*** Supplied data Section Begins ***

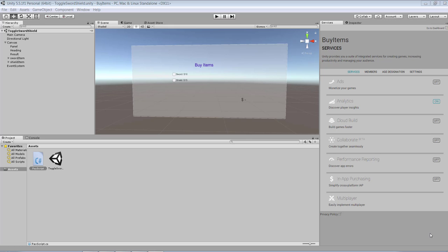Hello and welcome to another game programming tutorial. In this tutorial we're going to learn how you can build a buying experience in Unity.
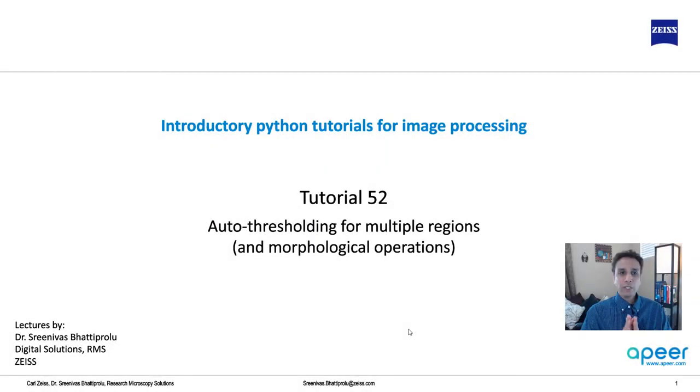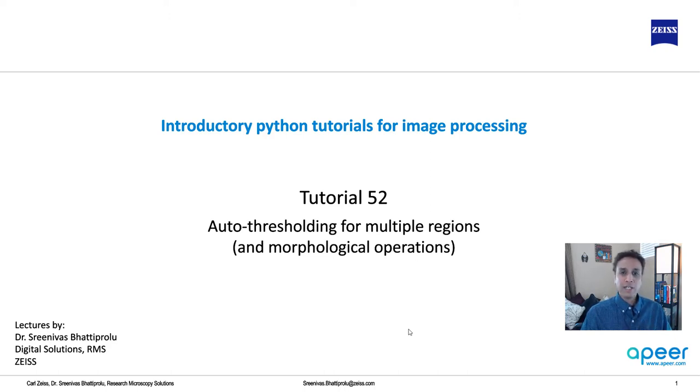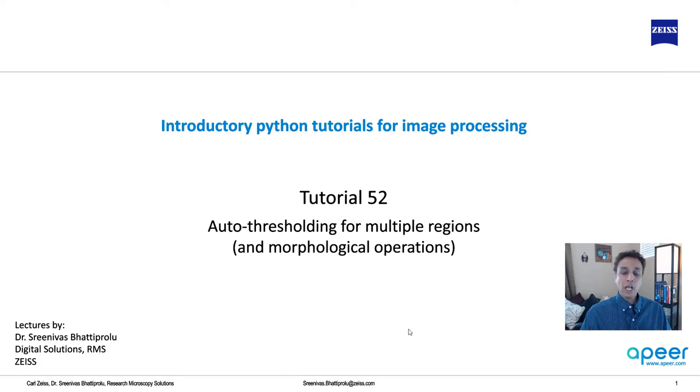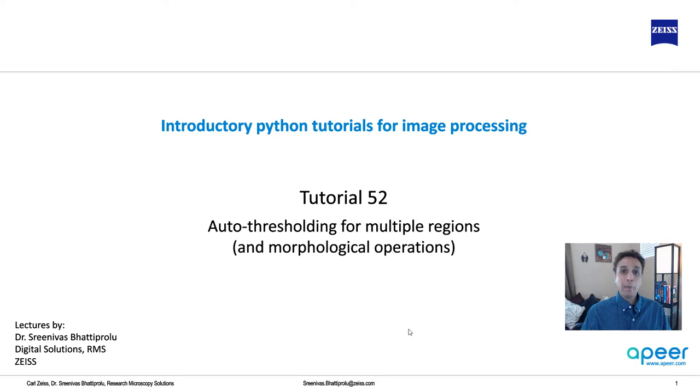Hi everyone, welcome to tutorial 52 of our introductory Python for image processing tutorial series. In the last tutorial we looked at thresholding and segmentation, how to do it manually and how to do it in an automated way, basically by using OTSU to automatically binarize your image.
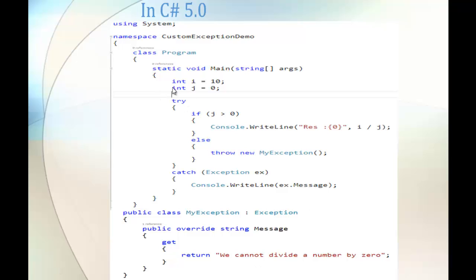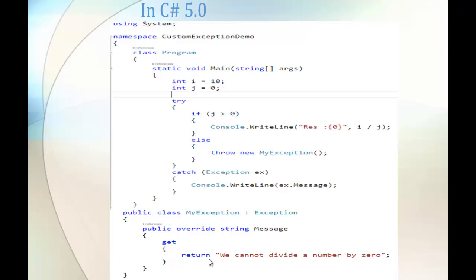You can observe here a simple code with two variables, i and j, of type integer. The variable i has a value of 10 and j has a value of 0. In the try-catch block, I am passing code that throws an exception. If j is greater than 0, it prints the result; otherwise it throws new myException. This myException is the custom exception I have written — you can observe it at the bottom, where I have defined a Custom Exception Class that inherits the Exception Class, with a message property.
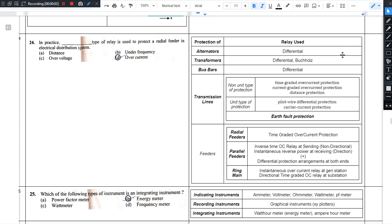Hello there. Notes description only. Question number 24: In practice, what type of relay is used to protect a radial feeder in an electrical distribution system?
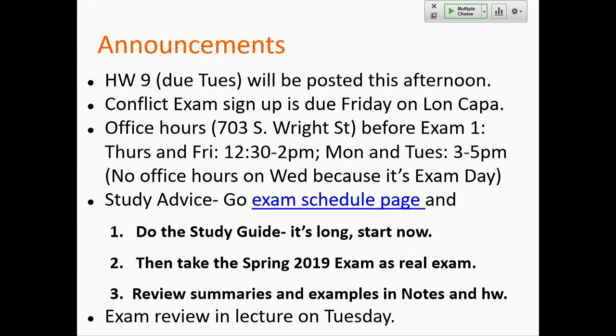Homework 9 is the last homework before the exam. It's due Tuesday — it's not posted yet but I'll post it right at the end of this class. So then you'll have everything you need to study and will have covered everything that will be on Exam 1.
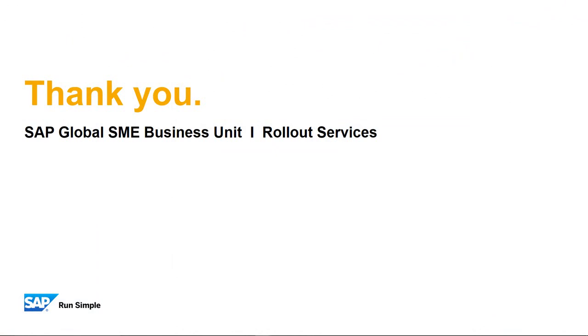Well, that concludes our feature clip for today. Thank you for your time and make sure you check out the other feature clips highlighting SAP Business One Release 9.3.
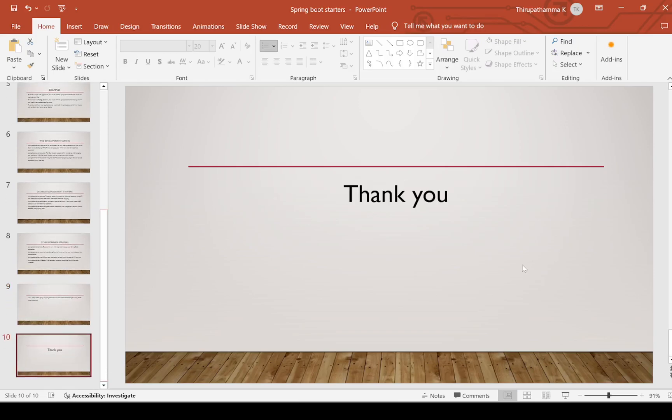Thank you for watching this video. If you really liked this, please like, share, and subscribe to my channel.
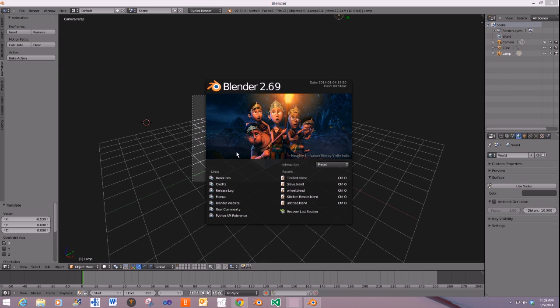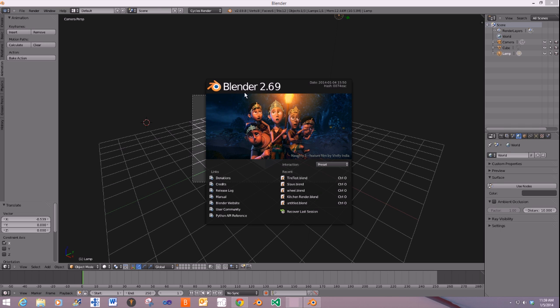Hey Blender fans out there, today I want to show you something really cool that I'm excited about. This is the Blender 2.70 Release Candidate. I downloaded it from graphicall.org.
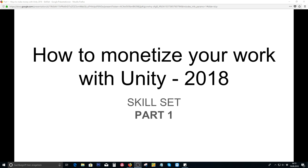Hey guys, my name is Octoman and this is today another tutorial about Unity — not directly related to how to create games, but more like how to monetize your work with Unity. Before we can monetize things, or talk about the possibilities to monetize things with Unity, we're going to need to understand what your skill set is. That's what we're talking about today.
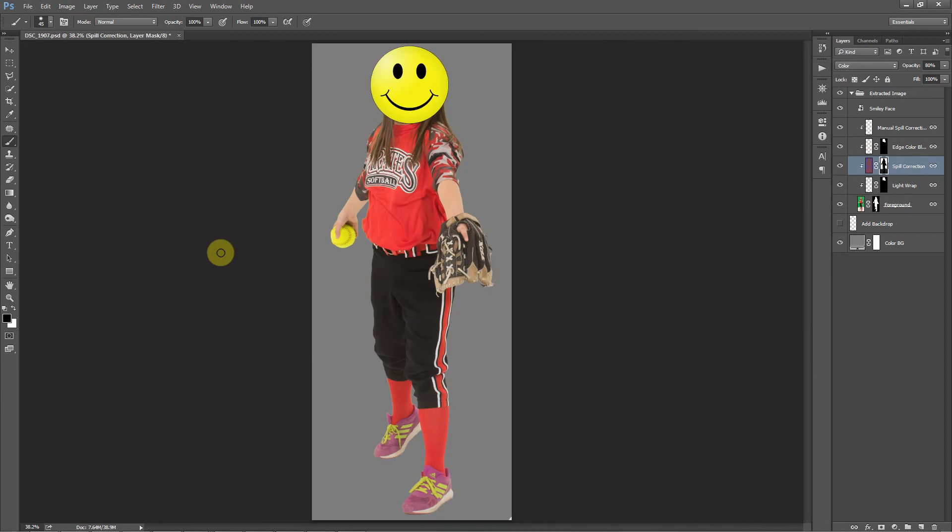So anyway, I probably spent more time trying to describe how to do this than it actually will take you to do it. It should probably take you just a minute or two to touch your mask up using this method. Anyway, thanks for watching, and if you're interested at all in Easy Green Screen, please be sure to visit our website. That's easygreenscreen.com. Thank you.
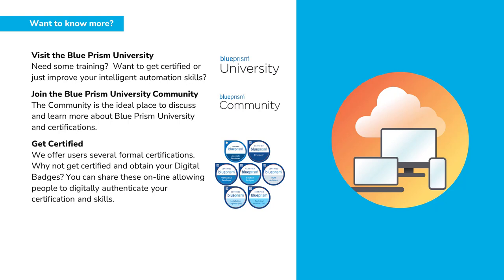If you want to learn more about any of the Blue Prism products, please visit the Blue Prism University via the link in the description below. Or visit the Blue Prism University community to get support from other members and participate in various discussions also via the link in the description below.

*** Supplied data Section Ends ***

> [Work item]
Since the copy must contain no pictures, return only the text of the records, exactly as it stands.

> [Result of this task]
Hello and welcome to another game programming tutorial. In this tutorial we're going to learn how you can build a buying experience in Unity.
Hi everyone, welcome to tutorial 52 of our introductory Python for image processing tutorial series. In the last tutorial we looked at thresholding and segmentation, how to do it manually and how to do it in an automated way, basically by using OTSU to automatically binarize your image.
You can observe here a simple code with two variables, i and j, of type integer. The variable i has a value of 10 and j has a value of 0. In the try-catch block, I am passing code that throws an exception. If j is greater than 0, it prints the result; otherwise it throws new myException. This myException is the custom exception I have written — you can observe it at the bottom, where I have defined a Custom Exception Class that inherits the Exception Class, with a message property.
Hello there. Notes description only. Question number 24: In practice, what type of relay is used to protect a radial feeder in an electrical distribution system?
Homework 9 is the last homework before the exam. It's due Tuesday — it's not posted yet but I'll post it right at the end of this class. So then you'll have everything you need to study and will have covered everything that will be on Exam 1.
Well, that concludes our feature clip for today. Thank you for your time and make sure you check out the other feature clips highlighting SAP Business One Release 9.3.
Thank you for watching this video. If you really liked this, please like, share, and subscribe to my channel.
Hey Blender fans out there, today I want to show you something really cool that I'm excited about. This is the Blender 2.70 Release Candidate. I downloaded it from graphicall.org.
Hey guys, my name is Octoman and this is today another tutorial about Unity — not directly related to how to create games, but more like how to monetize your work with Unity. Before we can monetize things, or talk about the possibilities to monetize things with Unity, we're going to need to understand what your skill set is. That's what we're talking about today.
So anyway, I probably spent more time trying to describe how to do this than it actually will take you to do it. It should probably take you just a minute or two to touch your mask up using this method. Anyway, thanks for watching, and if you're interested at all in Easy Green Screen, please be sure to visit our website. That's easygreenscreen.com. Thank you.
If you want to learn more about any of the Blue Prism products, please visit the Blue Prism University via the link in the description below. Or visit the Blue Prism University community to get support from other members and participate in various discussions also via the link in the description below.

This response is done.